WHAT YOU WILL DO:
Could you restate word for word the lines running from the one with "RARE Spyderco BHQ" to the end of the data, both ends included, but without pictures?

Top of AVAILABLE DATA

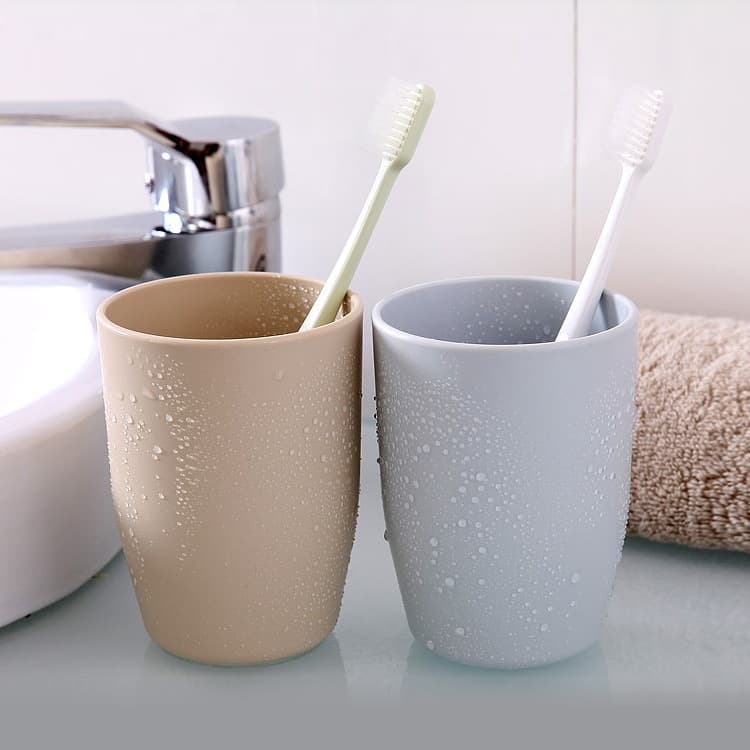 Simple and stylish family rinsing cup, solid color plastic toothbrush cup for couples, bathroom water cup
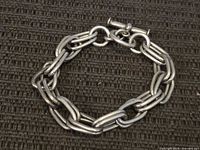 Bracelet laid flat showing full link pattern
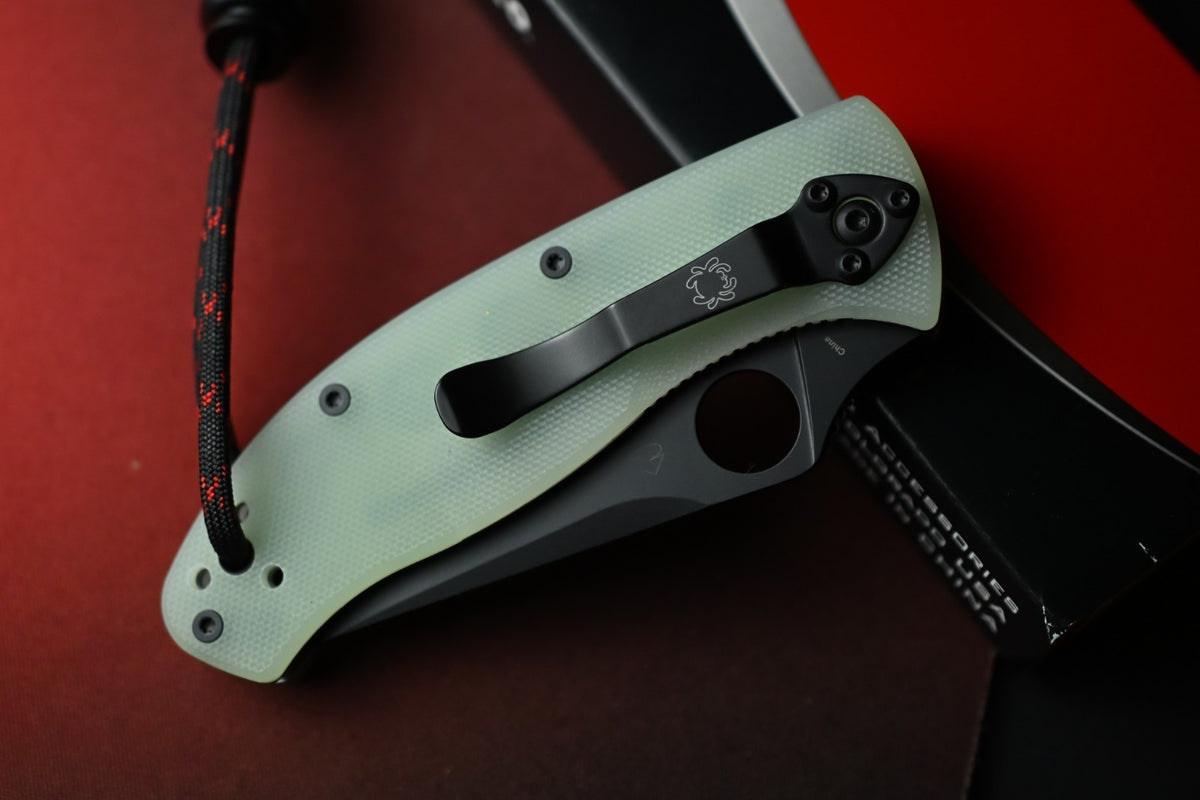 RARE Spyderco BHQ EXC Tenacious - Natural G10 / Black DLC Tanto w/ Poison Bead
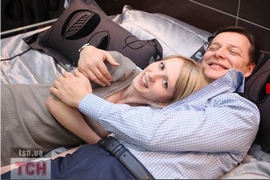 Нардеп Олег Ляшко уложил журналистку в постель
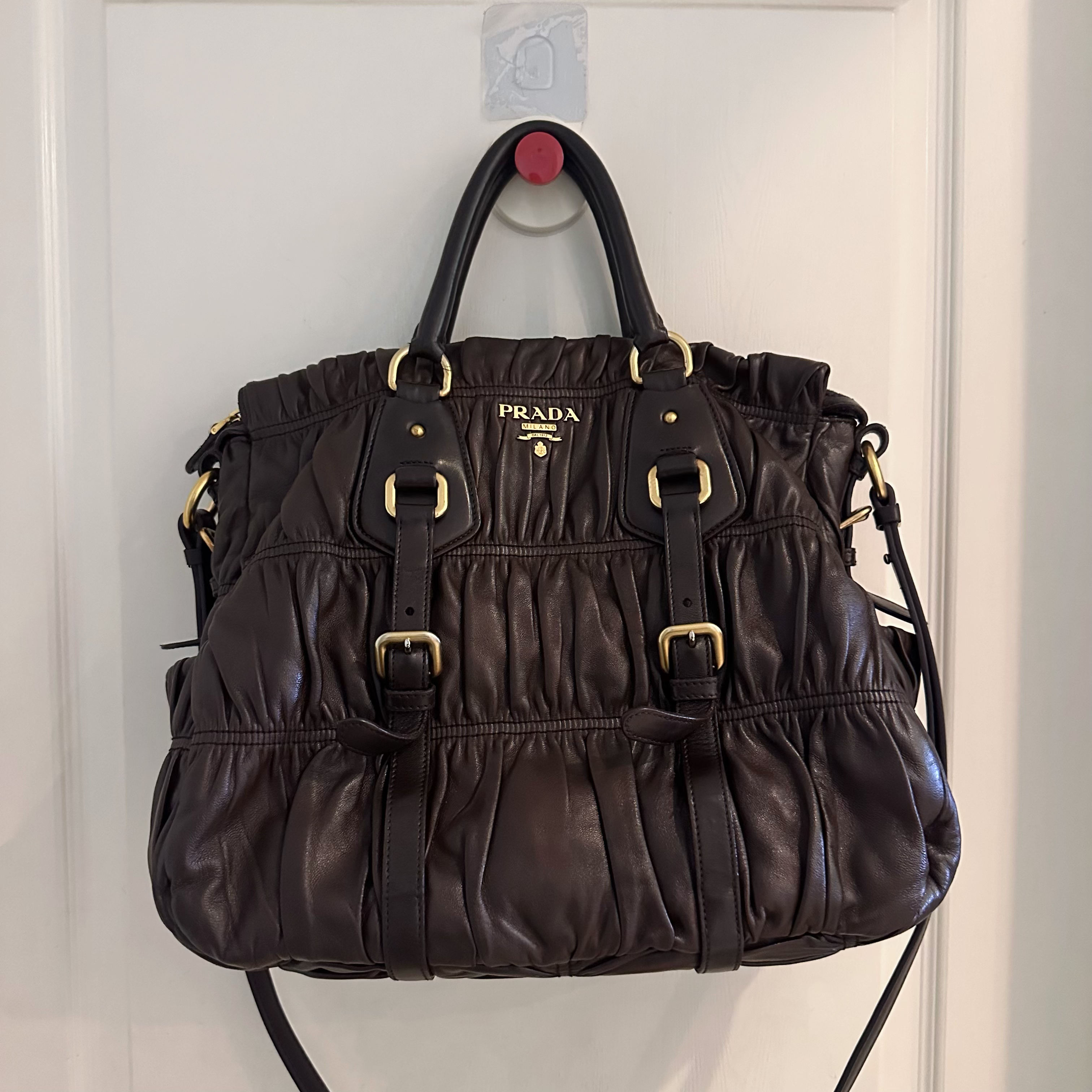 95新 Prada/普拉达 Prada金棕褶皱元宝手提包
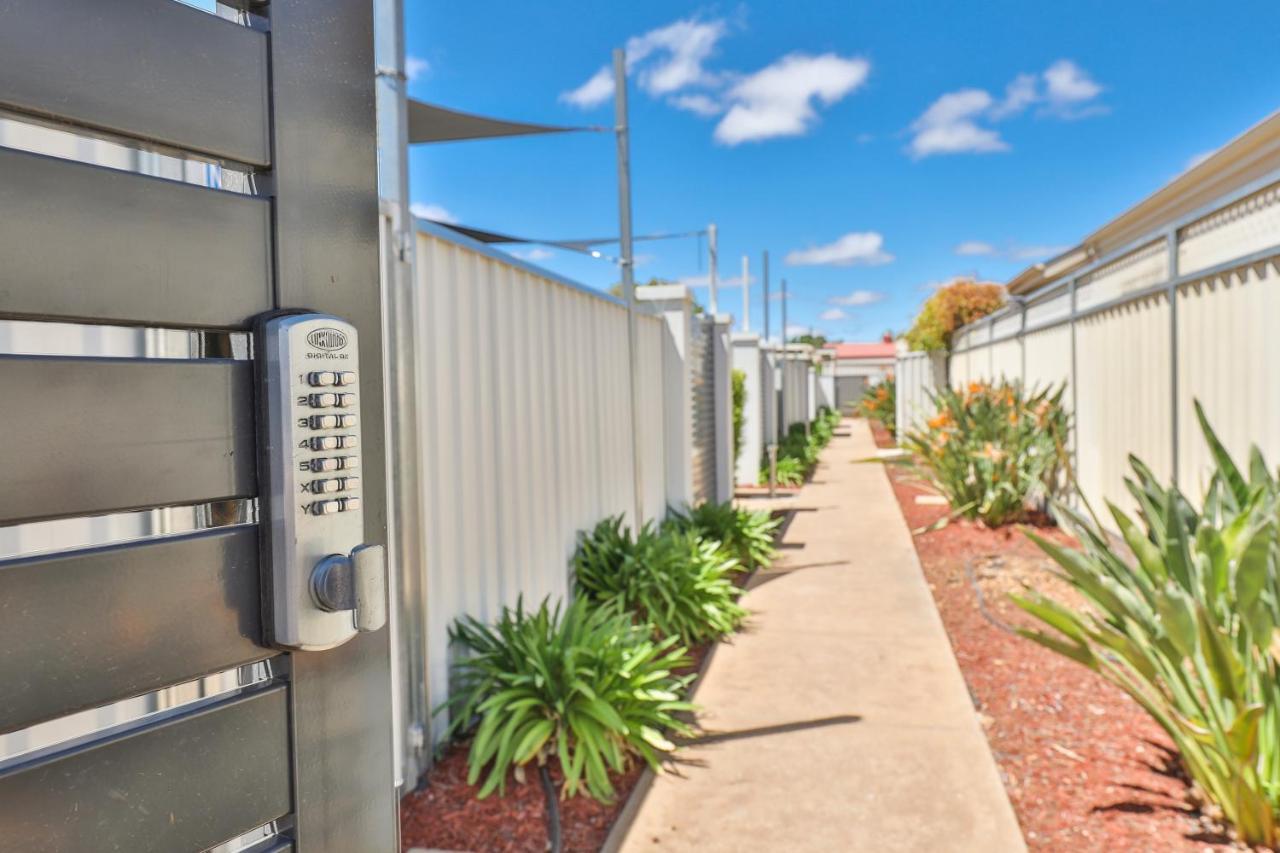 112 Olive Apartments Mildura Exterior foto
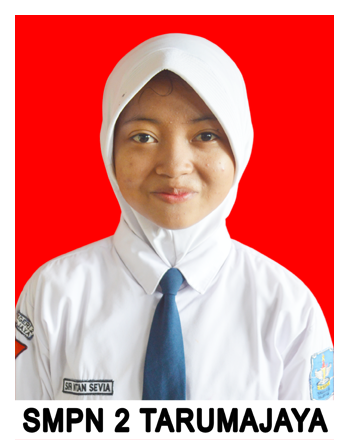 Portrait photo of Sifa Intan Sevia, female student, Angkatan 2024/2025, medium length hair, smiling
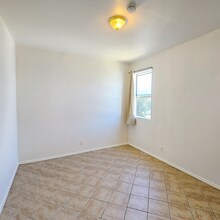 2284 Kearney Ave in San Diego, CA - Building Photo - Building Photo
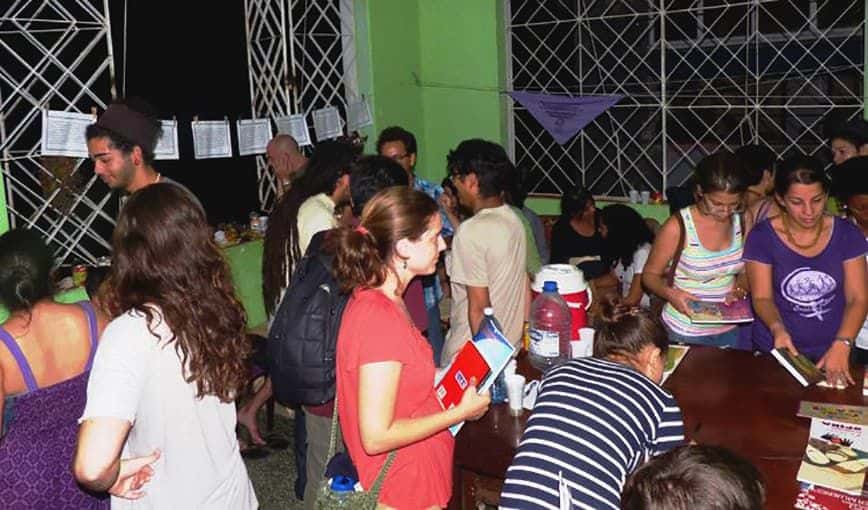 Irreverencia Producciones tiene su espacio natural en un portal del Vedado capitalino.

Bottom of AVAILABLE DATA

REPLY:
 RARE Spyderco BHQ EXC Tenacious - Natural G10 / Black DLC Tanto w/ Poison Bead
 Нардеп Олег Ляшко уложил журналистку в постель
 95新 Prada/普拉达 Prada金棕褶皱元宝手提包
 112 Olive Apartments Mildura Exterior foto
 Portrait photo of Sifa Intan Sevia, female student, Angkatan 2024/2025, medium length hair, smiling
 2284 Kearney Ave in San Diego, CA - Building Photo - Building Photo
 Irreverencia Producciones tiene su espacio natural en un portal del Vedado capitalino.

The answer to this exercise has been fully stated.